Dans les jardins de ville (jardins urbains) exigus, la seule solution pour cultiver fleurs et légumes réside souvent dans l’utilisation des surfaces verticales. Les plantes poussent dans des poches de terre, mais la terre peut également être remplacée par un feutre qui se décompose au fil des mois. L’arrosage se fait par goutte-à-goutte et contient le plus souvent une solution nutritive, solution que l’on retrouve dans les structures de culture en hydroponie. Les fraisiers acceptent par exemple très bien ce système sur feutre et les salades s’adaptent bien à l’hydroponie.

Le jardin aromatique

L’art culinaire étant à nouveau l’un des loisirs favoris de notre époque, les plantes aromatiques sont également tendance car elles constituent les ingrédients complémentaires d’une cuisine riche en saveurs. Le jardin aromatique devient ainsi un élément indispensable des aménagements de jardin, que l’on cultive quelques bonnes herbes sur le balcon, un petit coin d’aromates dans un jardin de ville ou un véritable potager aromatique. Dans la création de jardin, le potager aromatique prend d’ailleurs aujourd’hui une place à part entière même s’il ne constitue pas un style de jardin.

Le jardin aromatique se distingue du jardin de plantes aromatiques. La distinction semble très ténue, pourtant le jardin aromatique comprend des plantes comestibles, et de ce fait est souvent appelé potager aromatique, alors qu’un jardin de plantes aromatiques cultive toutes les plantes ornementales ayant un feuillage aromatique, qu’elles soient comestibles ou non. Certaines même parmi ces dernières se révèlent toxiques en ingestion pour l’homme, comme la rue (Ruta graveolens).

Le jardin aromatique est de nos jours une partie distincte du jardin, que l’on peut intégrer à l’aménagement global ou conserver séparée. Il regroupe les plantes dont le feuillage comestible offre une saveur particulière utilisée pour relever les plats, et appelées aromates. Les plantes aromatiques ont également pour la plupart des vertus et propriétés médicinales. C’est la raison pour laquelle au Moyen-âge, le jardin aromatique se nommait le « jardin des simples ». On y cultivait aussi bien les aromates que les espèces annuelles, vivaces et arbustives destinées à soigner, à parfumer ou à améliorer la valeur nutritive des plats.

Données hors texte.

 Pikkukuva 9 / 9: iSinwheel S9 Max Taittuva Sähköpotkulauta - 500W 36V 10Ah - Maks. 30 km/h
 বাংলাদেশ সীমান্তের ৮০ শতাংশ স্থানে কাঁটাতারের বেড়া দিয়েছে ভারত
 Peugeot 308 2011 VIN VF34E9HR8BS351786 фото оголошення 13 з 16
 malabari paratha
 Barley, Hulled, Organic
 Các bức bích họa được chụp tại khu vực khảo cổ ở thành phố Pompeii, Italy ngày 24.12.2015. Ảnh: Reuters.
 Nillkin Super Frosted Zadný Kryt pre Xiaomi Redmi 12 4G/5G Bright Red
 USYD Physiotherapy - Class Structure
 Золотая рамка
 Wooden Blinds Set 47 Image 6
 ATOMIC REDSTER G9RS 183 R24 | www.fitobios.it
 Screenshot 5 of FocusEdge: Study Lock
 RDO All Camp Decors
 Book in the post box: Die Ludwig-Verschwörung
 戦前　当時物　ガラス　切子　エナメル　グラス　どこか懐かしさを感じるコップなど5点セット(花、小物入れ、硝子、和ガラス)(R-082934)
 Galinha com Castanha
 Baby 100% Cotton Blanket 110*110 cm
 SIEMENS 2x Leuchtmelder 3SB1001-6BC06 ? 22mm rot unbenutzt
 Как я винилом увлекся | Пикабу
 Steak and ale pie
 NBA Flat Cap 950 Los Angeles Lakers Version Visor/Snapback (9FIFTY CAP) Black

Le jardin aromatique se restreint aux plantes aromatiques comestibles mais il peut aussi rassembler certaines plantes qui servent à la confection des tisanes, des onguents (arnica, souci), des pots-pourris calmants ou antiparasites (lavande, menthe, basilic). Il comprend aussi les espèces utilisées pour les eaux de beauté (bleuet, rose) réalisées à la maison, ou encore celles qui entrent dans des préparations culinaires particulières, comme les confitures (rose, sureau, oignon) et les pétales glacés (rose, agastache).